In 1964, I remember the Mustang, Barracuda and Marlin fastbacks coming out. I loved all three of them. When the 67 Marlin was released on the fullsize Ambassador, it looked so much better than the smaller 65-66 versions on the compact Rouge chassis. There were very few made and all of my life I’d only seen a picture of one, and never one in the wild. About 20 years ago, I started my quest to find one in good original condition. About ten years ago, I ran into a man with a large car collection who had this car from Florida in it. He was dying of cancer and selling his collection off, and I bought this car. It had electrical issues, so I had in the back of my warehouse and planned to restore it to Red/Black with black Interior some day. That day never came, so the car was pulled out, the electrical completely redone, the ignition replaced with a Pertonix, the carb rebuilt, new battery, and new tires. The car runs like a Champ, but I’ve decided to keep it original and find a new caretaker for it. I’ll not drive it enough with my busy life.

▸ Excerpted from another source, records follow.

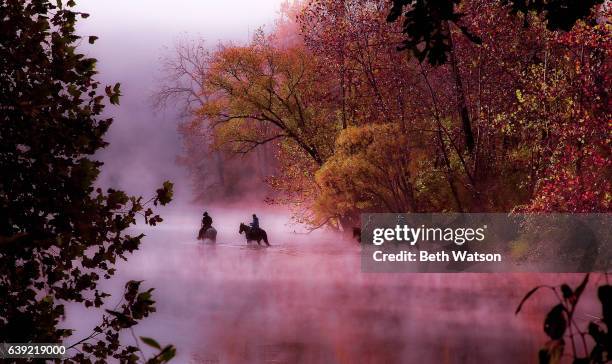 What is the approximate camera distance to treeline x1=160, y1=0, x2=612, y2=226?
63.0 ft

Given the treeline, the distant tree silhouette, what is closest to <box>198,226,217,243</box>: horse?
the treeline

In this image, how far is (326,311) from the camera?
68.2 feet

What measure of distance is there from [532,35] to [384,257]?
10.9 metres

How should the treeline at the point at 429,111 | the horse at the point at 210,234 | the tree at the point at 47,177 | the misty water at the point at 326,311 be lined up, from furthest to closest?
the horse at the point at 210,234
the treeline at the point at 429,111
the misty water at the point at 326,311
the tree at the point at 47,177

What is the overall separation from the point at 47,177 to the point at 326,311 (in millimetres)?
15095

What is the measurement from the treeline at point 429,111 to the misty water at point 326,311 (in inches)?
102

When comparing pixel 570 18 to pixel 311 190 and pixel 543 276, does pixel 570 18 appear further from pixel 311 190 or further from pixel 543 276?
pixel 311 190

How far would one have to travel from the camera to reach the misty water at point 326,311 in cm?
1622

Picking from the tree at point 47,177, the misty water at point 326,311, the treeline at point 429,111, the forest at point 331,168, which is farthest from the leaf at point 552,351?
the treeline at point 429,111

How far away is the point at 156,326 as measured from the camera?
20.0 metres

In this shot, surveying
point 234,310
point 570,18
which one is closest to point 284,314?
point 234,310

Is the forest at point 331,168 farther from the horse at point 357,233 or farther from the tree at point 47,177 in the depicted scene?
the horse at point 357,233

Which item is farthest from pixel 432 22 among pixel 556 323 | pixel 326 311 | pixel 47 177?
pixel 326 311

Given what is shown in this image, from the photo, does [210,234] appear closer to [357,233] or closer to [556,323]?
[357,233] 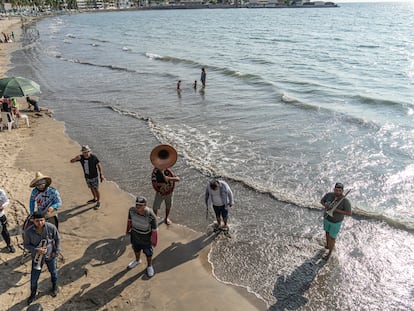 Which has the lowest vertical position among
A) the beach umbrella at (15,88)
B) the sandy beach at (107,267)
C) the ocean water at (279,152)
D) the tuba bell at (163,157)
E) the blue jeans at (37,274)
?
the ocean water at (279,152)

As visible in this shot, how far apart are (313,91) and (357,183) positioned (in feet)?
47.1

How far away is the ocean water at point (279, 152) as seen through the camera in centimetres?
764

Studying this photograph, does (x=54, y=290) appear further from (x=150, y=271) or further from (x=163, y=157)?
(x=163, y=157)

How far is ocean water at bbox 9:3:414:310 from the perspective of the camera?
301 inches

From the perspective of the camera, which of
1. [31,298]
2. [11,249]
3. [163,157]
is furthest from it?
[163,157]

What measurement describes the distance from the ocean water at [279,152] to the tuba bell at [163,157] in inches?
79.4

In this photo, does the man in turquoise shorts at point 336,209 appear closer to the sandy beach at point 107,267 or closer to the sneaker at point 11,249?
the sandy beach at point 107,267

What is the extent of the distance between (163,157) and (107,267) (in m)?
2.68

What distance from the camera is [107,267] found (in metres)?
7.43

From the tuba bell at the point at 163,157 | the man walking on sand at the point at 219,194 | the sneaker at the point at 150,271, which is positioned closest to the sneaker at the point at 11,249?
the sneaker at the point at 150,271

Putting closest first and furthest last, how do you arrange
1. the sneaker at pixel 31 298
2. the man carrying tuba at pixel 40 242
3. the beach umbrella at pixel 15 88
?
the man carrying tuba at pixel 40 242, the sneaker at pixel 31 298, the beach umbrella at pixel 15 88

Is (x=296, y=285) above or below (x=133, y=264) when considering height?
below

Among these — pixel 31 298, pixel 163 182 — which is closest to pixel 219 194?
pixel 163 182

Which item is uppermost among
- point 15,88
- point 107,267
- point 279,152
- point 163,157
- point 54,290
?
point 15,88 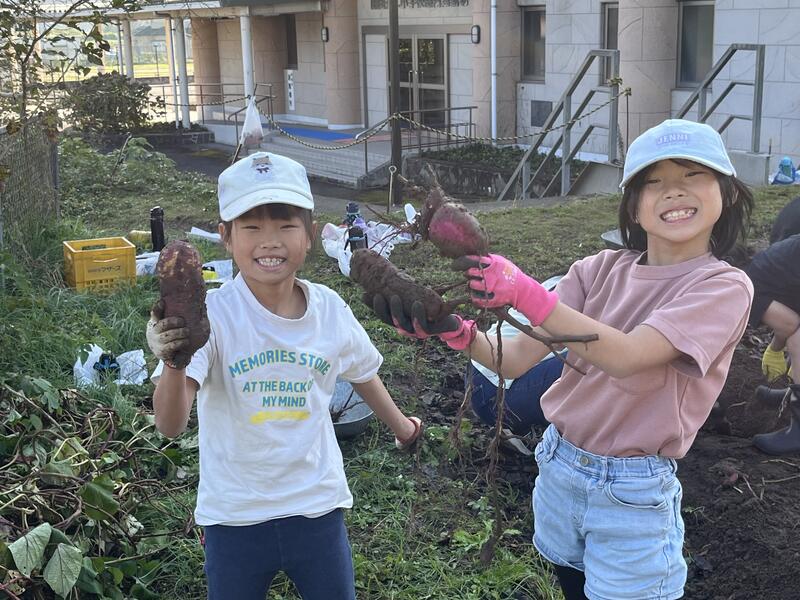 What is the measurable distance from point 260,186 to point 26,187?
5620 mm

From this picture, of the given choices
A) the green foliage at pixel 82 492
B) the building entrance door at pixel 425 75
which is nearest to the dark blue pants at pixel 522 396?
the green foliage at pixel 82 492

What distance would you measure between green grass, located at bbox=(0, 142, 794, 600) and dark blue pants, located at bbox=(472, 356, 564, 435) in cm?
18

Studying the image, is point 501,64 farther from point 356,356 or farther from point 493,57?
point 356,356

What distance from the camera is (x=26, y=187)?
23.6 ft

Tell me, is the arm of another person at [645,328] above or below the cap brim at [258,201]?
below

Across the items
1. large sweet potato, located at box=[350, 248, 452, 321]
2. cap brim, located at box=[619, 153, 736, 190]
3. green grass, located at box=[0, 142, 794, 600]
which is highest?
cap brim, located at box=[619, 153, 736, 190]

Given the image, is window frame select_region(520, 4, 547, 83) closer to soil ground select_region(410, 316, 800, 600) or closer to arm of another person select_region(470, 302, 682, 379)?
soil ground select_region(410, 316, 800, 600)

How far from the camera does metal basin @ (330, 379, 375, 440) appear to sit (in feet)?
13.3

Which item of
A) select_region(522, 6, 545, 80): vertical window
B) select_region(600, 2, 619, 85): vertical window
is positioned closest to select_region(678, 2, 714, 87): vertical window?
select_region(600, 2, 619, 85): vertical window

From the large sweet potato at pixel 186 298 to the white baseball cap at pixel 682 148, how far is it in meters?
1.00

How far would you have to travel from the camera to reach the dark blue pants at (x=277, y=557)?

The Leaning Tower of Power and 3-on-tree that was in my 60 Plymouth Post car was pulled in favor of a bad ass 383 that was recently rebuilt for it. When I drove this car home from Arkansas, I had it over 100 with that engine and skinny ass 25-year-old tires. I’m looking to put a 4/5/6-speed that has overdrive. That car is a keeper.
I’ve done a lot work on that car, which is a topic for another day. The point for this post was that I Cleaned the engine up and hit it with some Slant 6 blue. I’ll wrap and store it for a future project.
Finally, two of my Magnums had a lot of work done on them. I’ll be keeping the big block XE that is now exactly how I’ve wanted it for years. I just bought some new wheels for it. I’ll take it next week to get tires swapped over. I love the look of the Keystone Klassics on the car, but the Uni-lug design keeps having the nuts loosen up.
The rare 79 GT with E58 Cop motor has been completely gone through, detailed and I’ll be selling.
The shop has actually been busier than that, but I hit the important stuff and that catches me up.